The board, Rep. Connolly said, has a backlog of more than 3,000 petitions from employees “who claim they have been retaliated against or that their leadership has failed to uphold the very merit-system principles that serve as the foundation of our civil service.”

The congressman also said he was reintroducing the National Security Diversity and Inclusion Workforce Act, which would require national security agencies to provide public reports on diversity and inclusion efforts, and would “encourage agencies to expand development and career advancement opportunities for its workforce.”

While Rep. Connolly called the hearing a “critical inflection point” marking “the end of the Trump administration’s four-year assault on the Federal workforce,” he received considerable pushback on that theme from Rep. Jody Hice, R-Ga., ranking member of the subcommittee.

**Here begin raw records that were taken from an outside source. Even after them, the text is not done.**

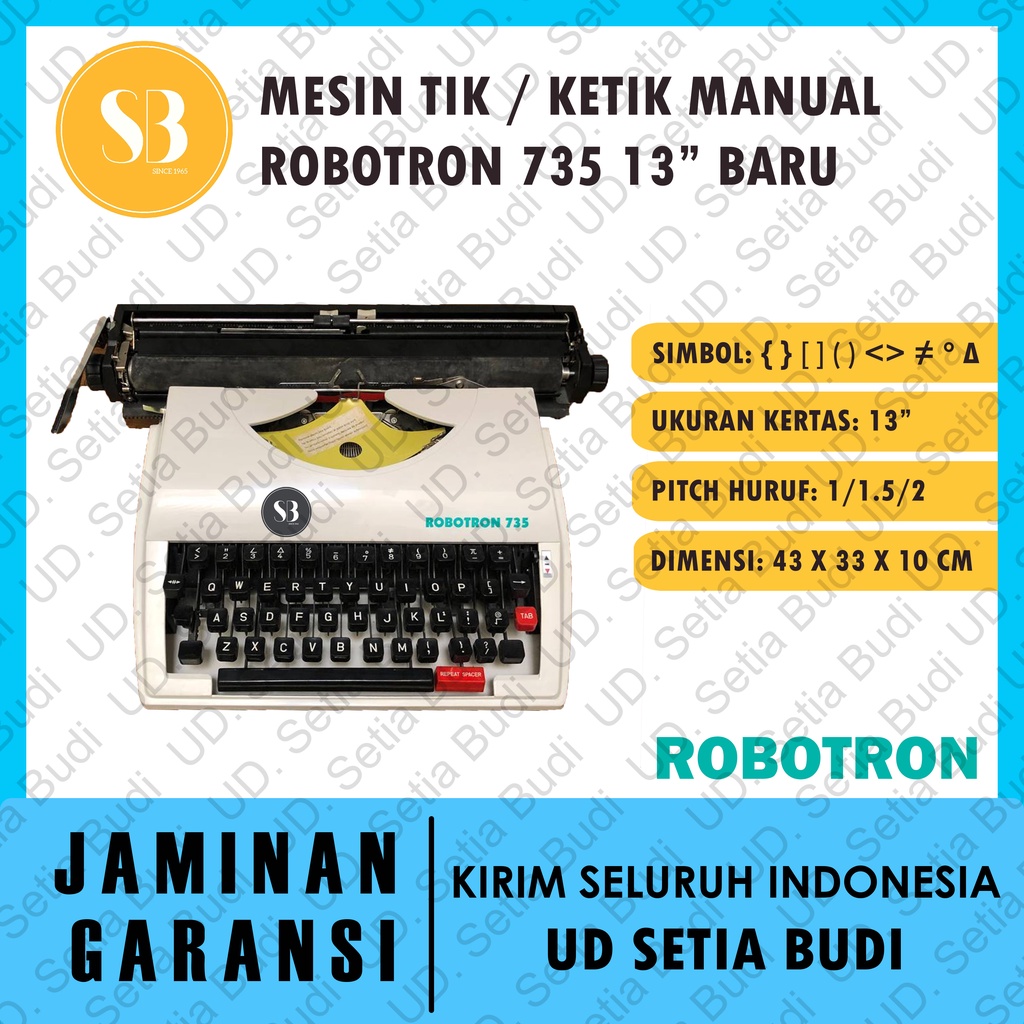 Mesin Ketik Manual Robotron 735 13&quot; Mesin Tik 13 Inch Baru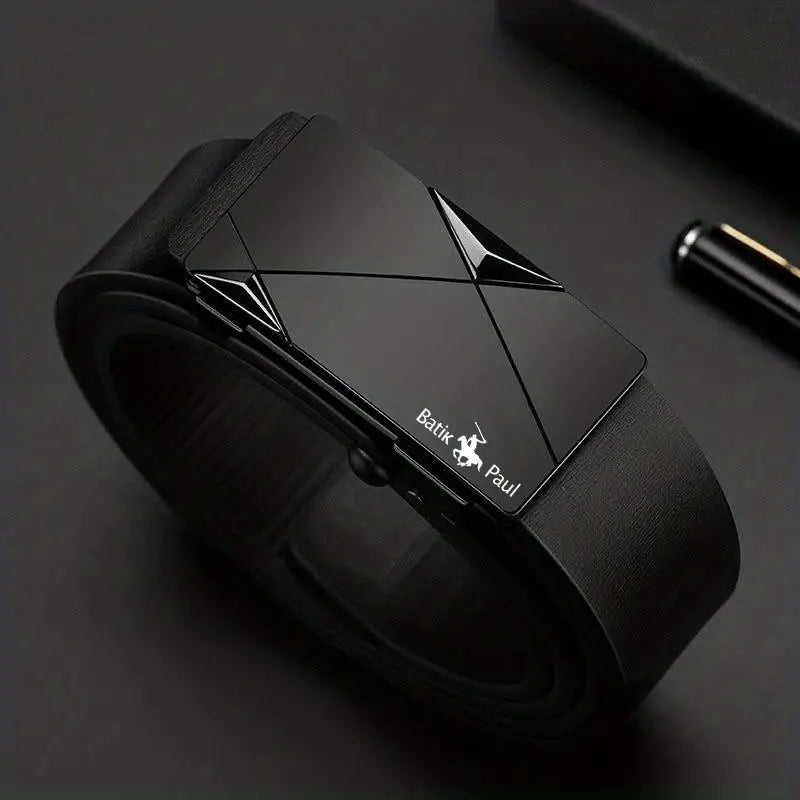 Men's Leather Belt, Automatic Buckle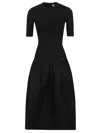 Totême Toteme Knit Midi Dress With Pleated Skirt And Short Sleeves In Black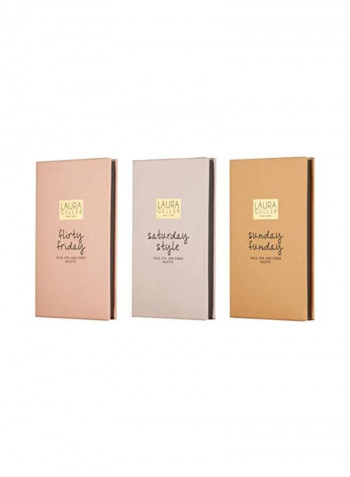 Pack Of 3 The Weekender Face, Eye And Cheek Palette Flirty Friday/Saturday Style/Sunday Funday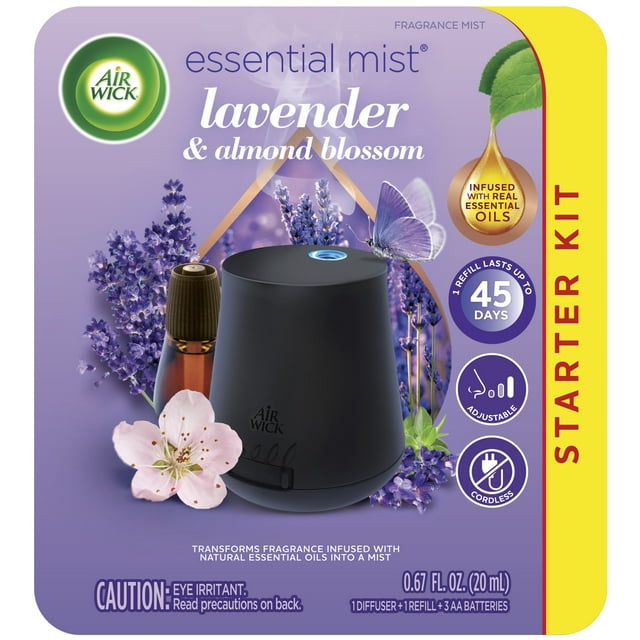 Air Wick Essential Mist Starter Kit (Diffuser + Refill), Lavender and Almond Blossom, Essential Oils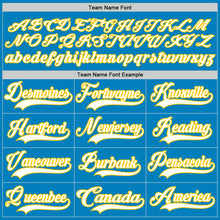 Load image into Gallery viewer, Custom Blue White-Yellow Hockey Lace Neck Jersey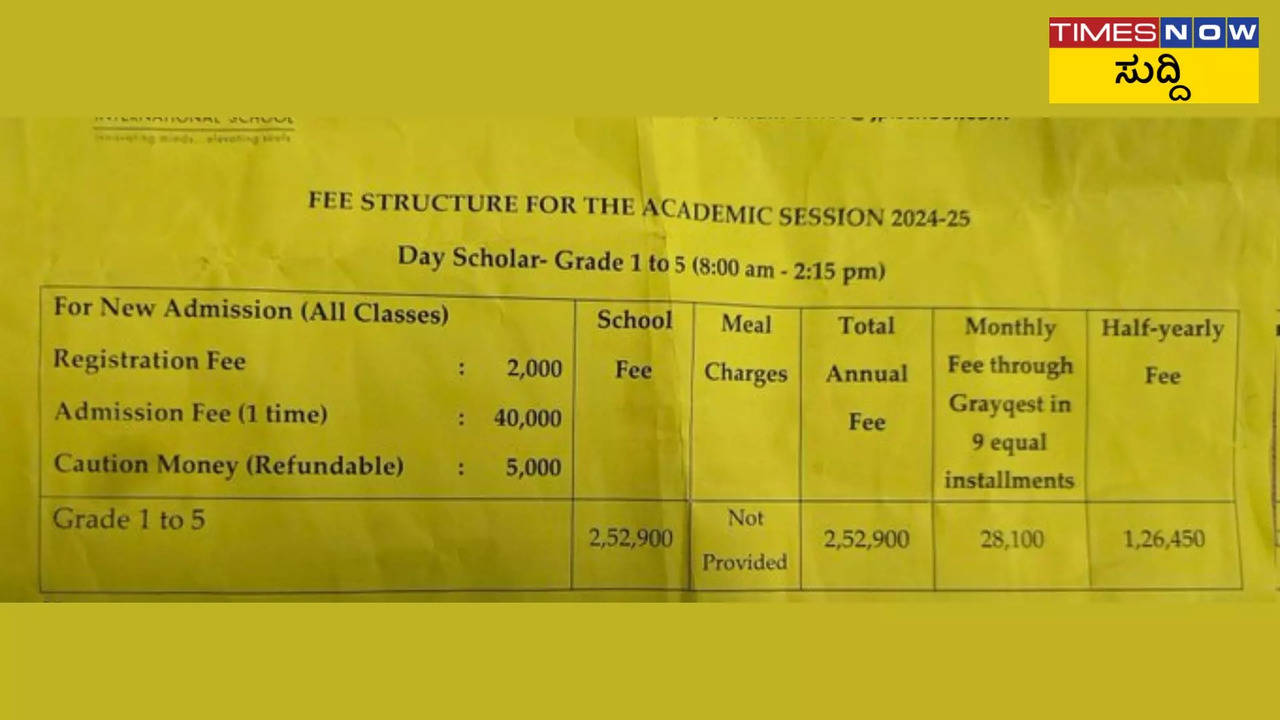 1ನೇ ತರಗತಿಗೆ ಶಾಲಾ ಶುಲ್ಕ 4.27 ಲಕ್ಷ ರೂ.ಗಳು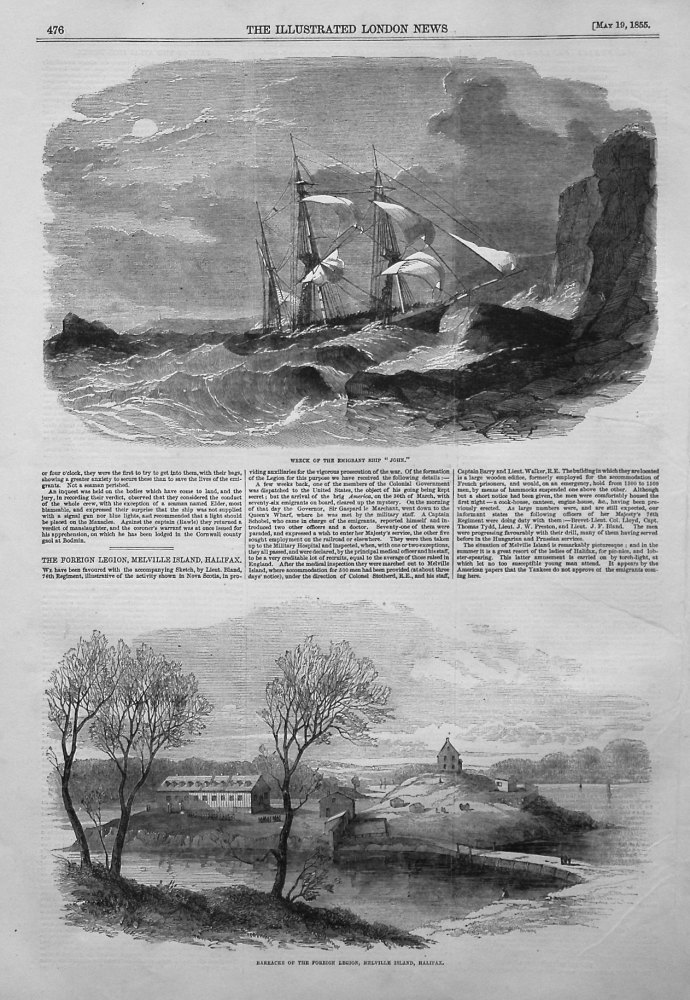 Wreck of the Emigrant Ship "John." 1855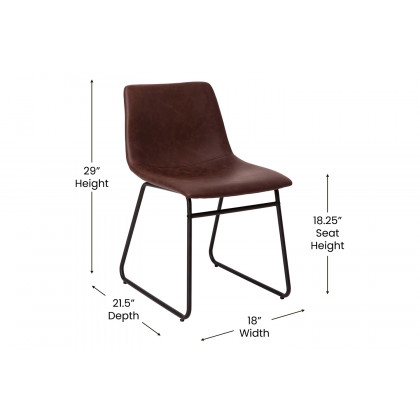 BLNK Butler LeatherSoft Table Height Dining Chair, Mid-Back Sled Base with Black Frame Set of 2 - Dark Brown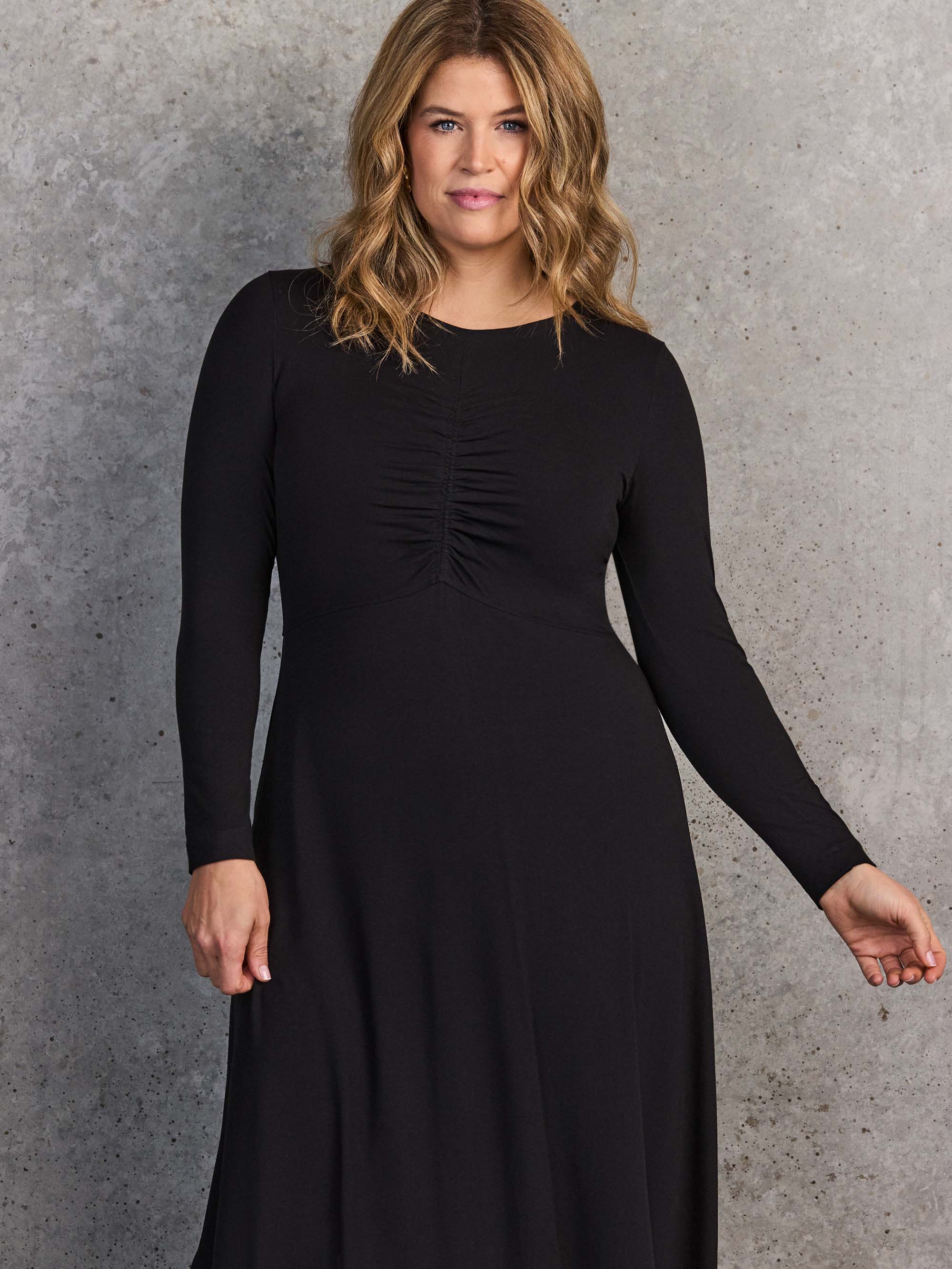 Black Ruched Jersey Maxi Dress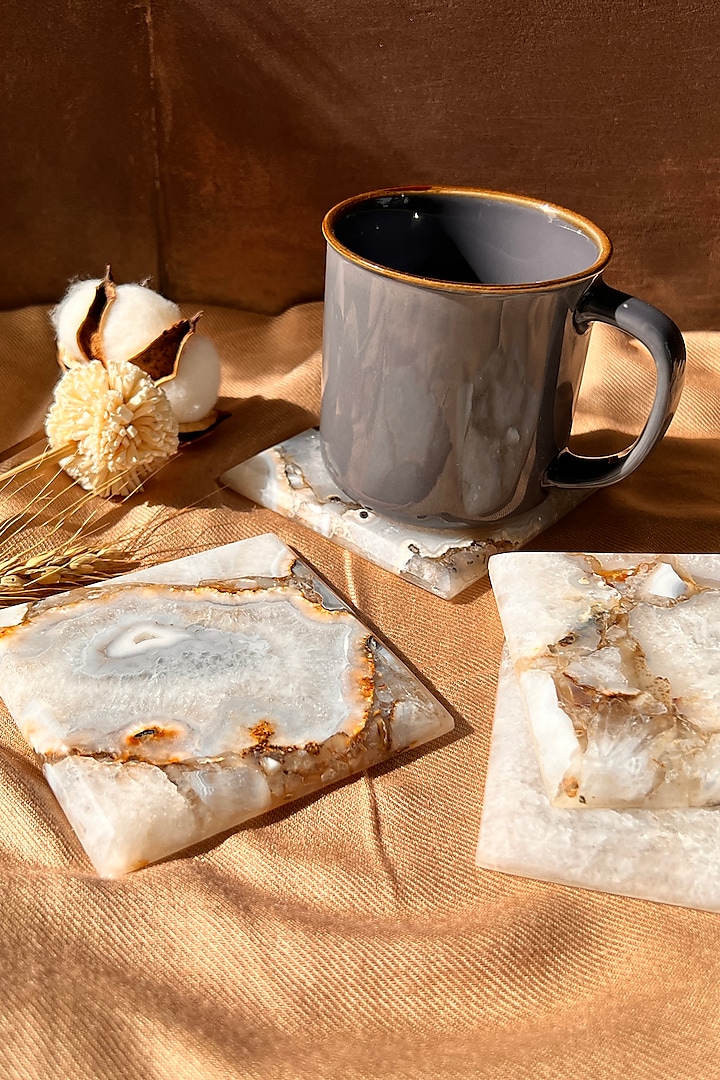 Brown & White Natural Agate Stone Square Coaster Set by Gemtherapy at Pernia's Pop Up Shop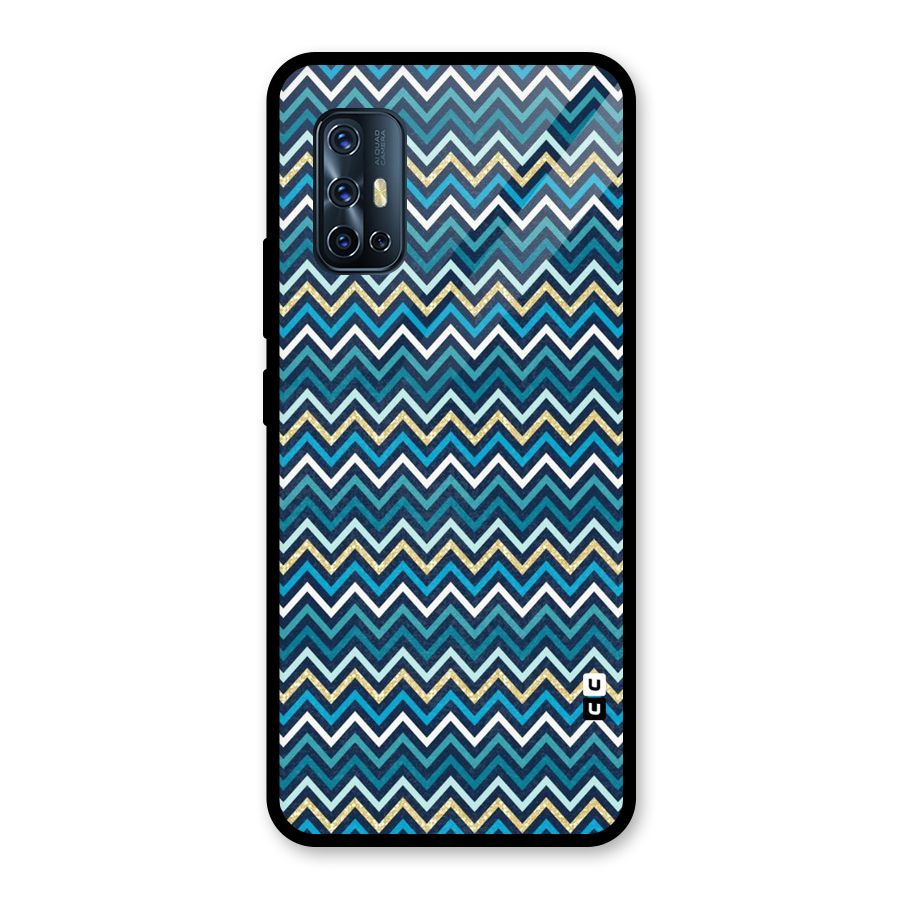 Blue Shades Chevron Pattern Glass Back Case for Vivo V17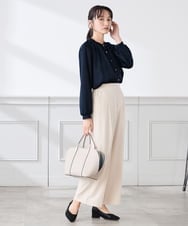 K3BFD04044 a.v.v Elmi(アー・ヴェ・ヴェ) 【低身長サイズ/洗える】サテンギャザーブラウス ピンク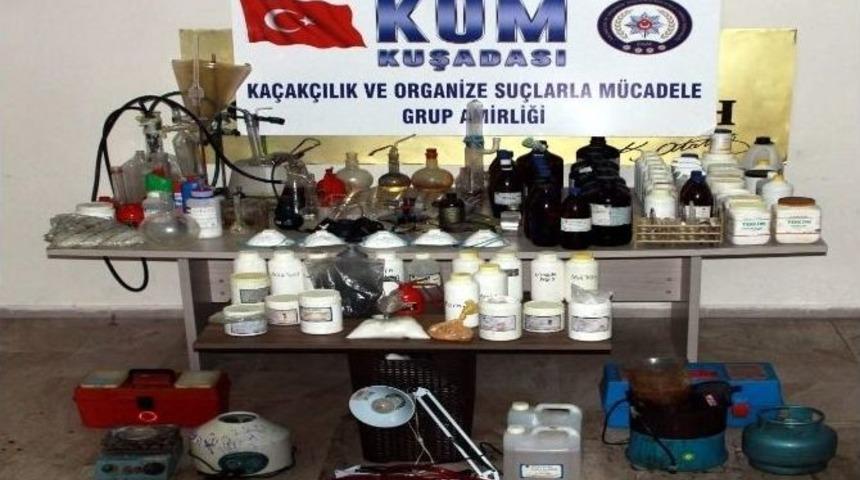 Kuşadası&rsquo;nda Uyuşturucu İmalathanesi &Ccedil;&ouml;kertildi
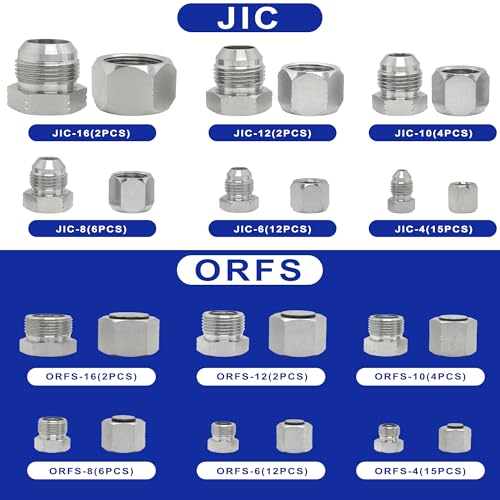 Image of 164pcs JIC and ORFS Master Industrial Hydraulic Cap and Plug, Hose Tube and Pipe Fitting Kit Cap and Plug Kit, Precision Threading in ORFS Sizes 4 6 8 10 12 16 and 37 Dash Sizes 4 6 8 10 12 16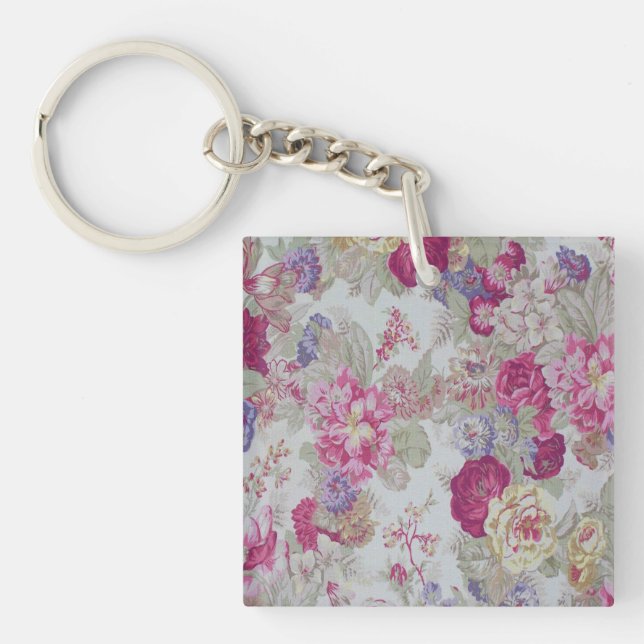 Porte-clefs Roses roses élégants Girly vintages (Devant)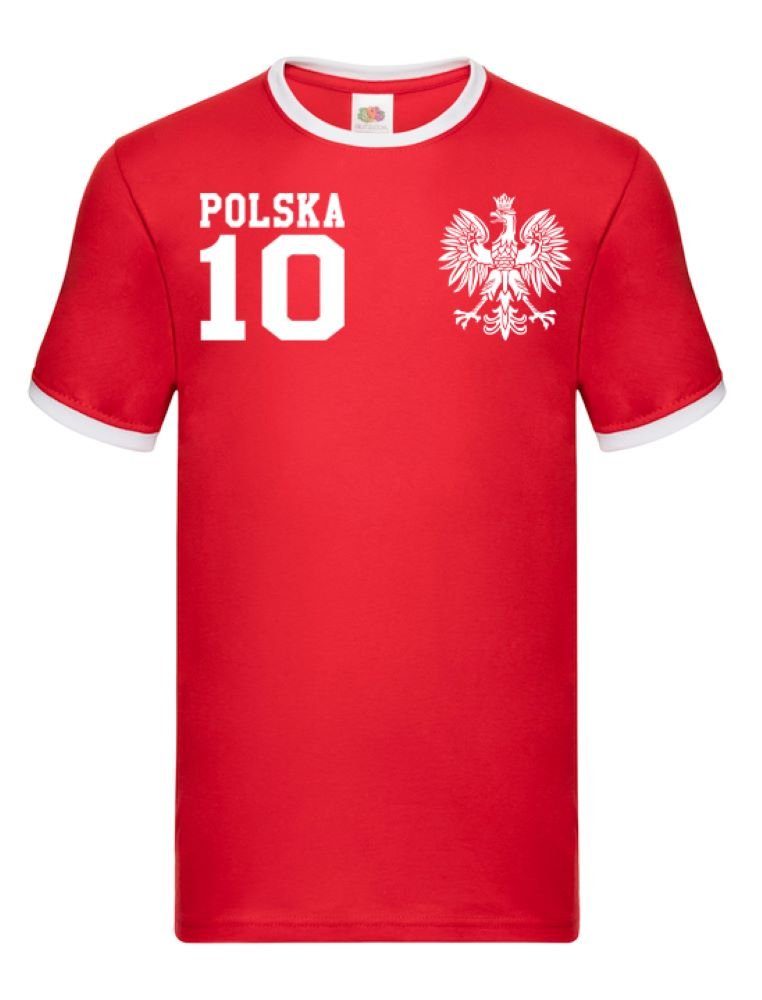 Blondie & Brownie T-Shirt Herren Polen Polska Sport Trikot Fußball Weltmeister WM Europa EM Weiss/Rot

Rep. Hice said he “questioned the premise of the hearing” that suggests the Federal workforce “is in bad shape … it’s not.”

The congressman defended the general body of Trump administration Federal workforce policies, and said they have had a positive effect on most of the workforce as reflected in the Office of Personnel Management’s Federal Employee Viewpoint Survey (FEVS).

FEVS surveys in recent years, Rep. Hice said, show that “Federal employees were happier to work under President Trump than Barrack Obama.” Part of the Trump administration’s appeal to the larger workforce, he argued, was its willingness to get rid of obstacles for management to remove poorly performing employees.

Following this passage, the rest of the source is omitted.